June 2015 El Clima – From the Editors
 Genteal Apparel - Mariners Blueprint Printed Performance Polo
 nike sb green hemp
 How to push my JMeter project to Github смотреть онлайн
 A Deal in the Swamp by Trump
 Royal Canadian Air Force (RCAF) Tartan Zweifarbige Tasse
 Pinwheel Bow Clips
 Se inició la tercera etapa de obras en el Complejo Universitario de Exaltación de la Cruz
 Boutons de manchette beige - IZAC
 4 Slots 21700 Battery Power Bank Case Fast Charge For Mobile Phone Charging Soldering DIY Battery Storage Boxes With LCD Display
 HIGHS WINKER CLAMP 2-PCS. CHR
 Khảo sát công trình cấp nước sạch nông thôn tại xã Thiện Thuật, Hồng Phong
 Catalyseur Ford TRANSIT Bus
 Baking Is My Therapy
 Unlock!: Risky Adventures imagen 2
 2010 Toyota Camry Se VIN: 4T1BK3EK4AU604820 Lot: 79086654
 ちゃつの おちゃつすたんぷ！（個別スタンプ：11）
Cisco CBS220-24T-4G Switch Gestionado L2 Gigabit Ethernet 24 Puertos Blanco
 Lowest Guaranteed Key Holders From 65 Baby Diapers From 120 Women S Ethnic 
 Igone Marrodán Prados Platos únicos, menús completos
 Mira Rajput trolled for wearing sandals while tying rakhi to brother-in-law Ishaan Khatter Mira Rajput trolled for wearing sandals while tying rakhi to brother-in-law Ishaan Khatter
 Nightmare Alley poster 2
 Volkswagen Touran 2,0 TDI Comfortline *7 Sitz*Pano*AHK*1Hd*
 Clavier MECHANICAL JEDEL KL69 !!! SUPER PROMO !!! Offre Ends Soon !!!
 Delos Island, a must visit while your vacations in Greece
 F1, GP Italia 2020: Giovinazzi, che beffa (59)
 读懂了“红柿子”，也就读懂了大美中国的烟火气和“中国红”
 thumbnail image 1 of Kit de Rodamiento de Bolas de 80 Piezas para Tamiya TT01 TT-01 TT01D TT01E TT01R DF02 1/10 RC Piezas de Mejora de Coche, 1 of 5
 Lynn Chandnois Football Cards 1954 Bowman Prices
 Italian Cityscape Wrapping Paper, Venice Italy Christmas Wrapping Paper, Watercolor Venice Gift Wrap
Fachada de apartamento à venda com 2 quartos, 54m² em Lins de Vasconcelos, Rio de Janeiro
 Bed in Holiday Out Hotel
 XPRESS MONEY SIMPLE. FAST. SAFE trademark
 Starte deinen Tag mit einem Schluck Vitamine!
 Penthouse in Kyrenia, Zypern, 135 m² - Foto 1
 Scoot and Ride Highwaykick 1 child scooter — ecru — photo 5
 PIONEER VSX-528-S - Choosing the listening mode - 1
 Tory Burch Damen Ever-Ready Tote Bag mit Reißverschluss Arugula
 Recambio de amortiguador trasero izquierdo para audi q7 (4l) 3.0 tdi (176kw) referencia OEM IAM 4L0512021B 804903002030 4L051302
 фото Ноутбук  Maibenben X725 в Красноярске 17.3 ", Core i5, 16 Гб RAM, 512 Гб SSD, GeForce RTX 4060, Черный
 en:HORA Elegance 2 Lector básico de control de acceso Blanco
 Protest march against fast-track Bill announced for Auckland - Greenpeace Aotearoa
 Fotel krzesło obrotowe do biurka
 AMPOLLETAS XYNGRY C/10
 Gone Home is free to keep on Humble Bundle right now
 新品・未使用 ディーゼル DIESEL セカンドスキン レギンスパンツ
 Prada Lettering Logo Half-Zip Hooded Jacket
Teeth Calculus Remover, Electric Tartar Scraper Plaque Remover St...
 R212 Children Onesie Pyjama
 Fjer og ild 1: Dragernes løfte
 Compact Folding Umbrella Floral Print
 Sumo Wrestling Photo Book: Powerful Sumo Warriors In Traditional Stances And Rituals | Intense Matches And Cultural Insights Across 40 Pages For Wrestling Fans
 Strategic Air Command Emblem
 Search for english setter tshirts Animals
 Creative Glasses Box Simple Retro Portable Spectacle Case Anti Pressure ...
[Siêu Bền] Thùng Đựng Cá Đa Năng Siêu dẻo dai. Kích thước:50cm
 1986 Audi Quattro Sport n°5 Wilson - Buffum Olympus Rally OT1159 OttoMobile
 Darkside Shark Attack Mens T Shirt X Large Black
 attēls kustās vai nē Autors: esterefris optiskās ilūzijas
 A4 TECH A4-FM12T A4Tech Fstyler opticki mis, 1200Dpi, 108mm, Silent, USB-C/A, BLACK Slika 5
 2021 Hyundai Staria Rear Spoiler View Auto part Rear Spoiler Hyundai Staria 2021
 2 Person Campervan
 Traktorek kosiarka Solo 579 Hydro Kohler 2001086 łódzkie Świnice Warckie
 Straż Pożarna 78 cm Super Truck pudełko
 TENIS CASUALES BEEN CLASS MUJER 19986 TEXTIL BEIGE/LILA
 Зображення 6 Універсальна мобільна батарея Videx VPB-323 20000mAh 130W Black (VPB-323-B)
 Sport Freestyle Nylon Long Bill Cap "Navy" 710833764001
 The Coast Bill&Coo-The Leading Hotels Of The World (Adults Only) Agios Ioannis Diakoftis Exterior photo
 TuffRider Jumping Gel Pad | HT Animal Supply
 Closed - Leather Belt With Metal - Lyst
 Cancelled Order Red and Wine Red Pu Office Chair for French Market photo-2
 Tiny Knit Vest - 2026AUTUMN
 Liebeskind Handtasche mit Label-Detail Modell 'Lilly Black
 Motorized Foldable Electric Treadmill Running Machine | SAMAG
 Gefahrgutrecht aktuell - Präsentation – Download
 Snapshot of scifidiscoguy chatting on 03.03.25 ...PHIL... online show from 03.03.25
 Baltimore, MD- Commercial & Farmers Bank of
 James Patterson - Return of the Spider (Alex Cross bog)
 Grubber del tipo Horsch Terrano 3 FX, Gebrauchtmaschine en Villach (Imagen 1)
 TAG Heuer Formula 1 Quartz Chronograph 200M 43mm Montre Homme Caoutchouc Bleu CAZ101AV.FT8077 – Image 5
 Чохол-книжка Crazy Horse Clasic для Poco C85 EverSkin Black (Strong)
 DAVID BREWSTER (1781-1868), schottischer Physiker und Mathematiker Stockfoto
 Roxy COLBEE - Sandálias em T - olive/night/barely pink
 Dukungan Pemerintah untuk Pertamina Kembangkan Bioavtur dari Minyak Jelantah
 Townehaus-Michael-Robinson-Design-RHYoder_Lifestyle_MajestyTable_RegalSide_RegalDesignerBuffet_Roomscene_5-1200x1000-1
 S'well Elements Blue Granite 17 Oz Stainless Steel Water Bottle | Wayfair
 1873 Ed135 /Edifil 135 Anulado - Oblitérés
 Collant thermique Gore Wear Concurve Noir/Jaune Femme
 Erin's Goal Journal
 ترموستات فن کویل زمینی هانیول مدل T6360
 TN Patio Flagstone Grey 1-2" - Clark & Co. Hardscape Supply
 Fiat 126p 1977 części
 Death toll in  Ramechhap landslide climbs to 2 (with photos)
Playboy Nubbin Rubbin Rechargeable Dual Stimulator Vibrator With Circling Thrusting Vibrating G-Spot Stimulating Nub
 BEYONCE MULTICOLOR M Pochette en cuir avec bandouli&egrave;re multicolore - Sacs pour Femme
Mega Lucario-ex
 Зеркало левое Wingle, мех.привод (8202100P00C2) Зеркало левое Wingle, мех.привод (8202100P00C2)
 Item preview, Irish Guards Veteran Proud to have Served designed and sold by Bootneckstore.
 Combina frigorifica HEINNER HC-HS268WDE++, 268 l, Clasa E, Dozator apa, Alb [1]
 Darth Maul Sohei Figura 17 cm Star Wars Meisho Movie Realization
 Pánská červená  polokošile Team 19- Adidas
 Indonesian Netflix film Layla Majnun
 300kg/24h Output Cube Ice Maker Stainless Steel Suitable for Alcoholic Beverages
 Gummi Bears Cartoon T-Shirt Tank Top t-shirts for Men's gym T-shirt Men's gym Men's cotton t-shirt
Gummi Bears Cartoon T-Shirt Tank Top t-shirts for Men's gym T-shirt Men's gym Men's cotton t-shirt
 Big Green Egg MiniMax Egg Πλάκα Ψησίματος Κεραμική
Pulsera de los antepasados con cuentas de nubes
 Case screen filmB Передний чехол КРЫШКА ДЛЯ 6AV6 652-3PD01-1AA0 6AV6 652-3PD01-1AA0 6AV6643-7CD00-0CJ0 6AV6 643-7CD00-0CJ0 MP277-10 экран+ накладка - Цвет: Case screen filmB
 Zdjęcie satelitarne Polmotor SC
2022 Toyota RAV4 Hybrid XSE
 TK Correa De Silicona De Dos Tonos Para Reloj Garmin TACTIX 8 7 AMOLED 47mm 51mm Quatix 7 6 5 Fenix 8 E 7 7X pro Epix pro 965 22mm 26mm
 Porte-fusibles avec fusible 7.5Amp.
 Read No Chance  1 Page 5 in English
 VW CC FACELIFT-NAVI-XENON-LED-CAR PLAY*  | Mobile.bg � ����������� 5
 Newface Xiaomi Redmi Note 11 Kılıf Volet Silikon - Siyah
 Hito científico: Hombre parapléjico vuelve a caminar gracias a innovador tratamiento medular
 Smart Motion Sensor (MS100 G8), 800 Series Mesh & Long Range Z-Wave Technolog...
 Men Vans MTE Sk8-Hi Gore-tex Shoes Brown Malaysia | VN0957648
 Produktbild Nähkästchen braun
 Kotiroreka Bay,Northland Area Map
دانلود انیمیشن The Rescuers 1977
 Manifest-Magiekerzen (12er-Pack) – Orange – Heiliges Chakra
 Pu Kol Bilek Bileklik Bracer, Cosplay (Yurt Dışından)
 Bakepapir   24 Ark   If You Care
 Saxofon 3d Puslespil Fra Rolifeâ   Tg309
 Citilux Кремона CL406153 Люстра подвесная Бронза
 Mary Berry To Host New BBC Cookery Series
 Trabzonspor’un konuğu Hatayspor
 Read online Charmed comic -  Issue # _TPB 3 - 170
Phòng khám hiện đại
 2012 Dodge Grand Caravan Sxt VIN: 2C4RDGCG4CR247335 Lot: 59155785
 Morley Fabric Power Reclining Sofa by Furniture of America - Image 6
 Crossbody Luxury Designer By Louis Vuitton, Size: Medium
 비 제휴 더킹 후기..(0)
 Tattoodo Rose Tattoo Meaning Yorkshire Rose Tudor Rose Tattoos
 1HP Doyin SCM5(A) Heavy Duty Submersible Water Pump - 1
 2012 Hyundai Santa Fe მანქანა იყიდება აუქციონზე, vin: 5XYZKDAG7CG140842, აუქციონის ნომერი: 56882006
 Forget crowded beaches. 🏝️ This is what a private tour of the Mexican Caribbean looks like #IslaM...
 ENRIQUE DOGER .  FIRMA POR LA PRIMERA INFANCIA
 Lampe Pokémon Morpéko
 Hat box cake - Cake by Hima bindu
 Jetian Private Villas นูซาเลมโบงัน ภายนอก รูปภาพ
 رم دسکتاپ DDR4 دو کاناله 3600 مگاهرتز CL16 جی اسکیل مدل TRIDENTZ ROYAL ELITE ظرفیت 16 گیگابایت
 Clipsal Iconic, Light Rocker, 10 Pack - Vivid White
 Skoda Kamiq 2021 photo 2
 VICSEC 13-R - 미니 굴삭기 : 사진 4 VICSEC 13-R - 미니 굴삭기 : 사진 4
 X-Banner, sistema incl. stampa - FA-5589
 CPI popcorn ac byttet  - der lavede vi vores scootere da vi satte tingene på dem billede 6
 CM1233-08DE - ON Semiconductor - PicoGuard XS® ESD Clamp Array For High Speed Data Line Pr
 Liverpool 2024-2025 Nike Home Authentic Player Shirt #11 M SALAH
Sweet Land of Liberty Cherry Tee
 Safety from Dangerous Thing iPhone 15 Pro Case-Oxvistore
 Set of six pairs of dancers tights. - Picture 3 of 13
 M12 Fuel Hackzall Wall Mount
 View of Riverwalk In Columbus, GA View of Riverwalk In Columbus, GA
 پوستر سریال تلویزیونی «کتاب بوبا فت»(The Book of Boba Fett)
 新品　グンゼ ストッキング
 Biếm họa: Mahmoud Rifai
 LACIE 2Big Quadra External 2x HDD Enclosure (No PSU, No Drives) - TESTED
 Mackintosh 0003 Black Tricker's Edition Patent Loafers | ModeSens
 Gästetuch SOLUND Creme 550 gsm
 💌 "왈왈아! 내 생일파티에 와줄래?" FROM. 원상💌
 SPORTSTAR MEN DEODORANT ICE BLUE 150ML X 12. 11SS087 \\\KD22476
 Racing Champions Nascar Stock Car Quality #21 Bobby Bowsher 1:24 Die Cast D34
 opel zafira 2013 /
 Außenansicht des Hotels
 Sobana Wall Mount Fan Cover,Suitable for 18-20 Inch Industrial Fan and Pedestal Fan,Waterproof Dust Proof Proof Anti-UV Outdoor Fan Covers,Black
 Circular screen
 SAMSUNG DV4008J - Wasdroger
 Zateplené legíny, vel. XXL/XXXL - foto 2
● ● ● ●
Nothing should be returned except the lines from the first line of the data above through the line with "PIONEER VSX-528-S - Choosing", each one exact.

June 2015 El Clima – From the Editors
 Genteal Apparel - Mariners Blueprint Printed Performance Polo
 nike sb green hemp
 How to push my JMeter project to Github смотреть онлайн
 A Deal in the Swamp by Trump
 Royal Canadian Air Force (RCAF) Tartan Zweifarbige Tasse
 Pinwheel Bow Clips
 Se inició la tercera etapa de obras en el Complejo Universitario de Exaltación de la Cruz
 Boutons de manchette beige - IZAC
 4 Slots 21700 Battery Power Bank Case Fast Charge For Mobile Phone Charging Soldering DIY Battery Storage Boxes With LCD Display
 HIGHS WINKER CLAMP 2-PCS. CHR
 Khảo sát công trình cấp nước sạch nông thôn tại xã Thiện Thuật, Hồng Phong
 Catalyseur Ford TRANSIT Bus
 Baking Is My Therapy
 Unlock!: Risky Adventures imagen 2
 2010 Toyota Camry Se VIN: 4T1BK3EK4AU604820 Lot: 79086654
 ちゃつの おちゃつすたんぷ！（個別スタンプ：11）
Cisco CBS220-24T-4G Switch Gestionado L2 Gigabit Ethernet 24 Puertos Blanco
 Lowest Guaranteed Key Holders From 65 Baby Diapers From 120 Women S Ethnic 
 Igone Marrodán Prados Platos únicos, menús completos
 Mira Rajput trolled for wearing sandals while tying rakhi to brother-in-law Ishaan Khatter Mira Rajput trolled for wearing sandals while tying rakhi to brother-in-law Ishaan Khatter
 Nightmare Alley poster 2
 Volkswagen Touran 2,0 TDI Comfortline *7 Sitz*Pano*AHK*1Hd*
 Clavier MECHANICAL JEDEL KL69 !!! SUPER PROMO !!! Offre Ends Soon !!!
 Delos Island, a must visit while your vacations in Greece
 F1, GP Italia 2020: Giovinazzi, che beffa (59)
 读懂了“红柿子”，也就读懂了大美中国的烟火气和“中国红”
 thumbnail image 1 of Kit de Rodamiento de Bolas de 80 Piezas para Tamiya TT01 TT-01 TT01D TT01E TT01R DF02 1/10 RC Piezas de Mejora de Coche, 1 of 5
 Lynn Chandnois Football Cards 1954 Bowman Prices
 Italian Cityscape Wrapping Paper, Venice Italy Christmas Wrapping Paper, Watercolor Venice Gift Wrap
Fachada de apartamento à venda com 2 quartos, 54m² em Lins de Vasconcelos, Rio de Janeiro
 Bed in Holiday Out Hotel
 XPRESS MONEY SIMPLE. FAST. SAFE trademark
 Starte deinen Tag mit einem Schluck Vitamine!
 Penthouse in Kyrenia, Zypern, 135 m² - Foto 1
 Scoot and Ride Highwaykick 1 child scooter — ecru — photo 5
 PIONEER VSX-528-S - Choosing the listening mode - 1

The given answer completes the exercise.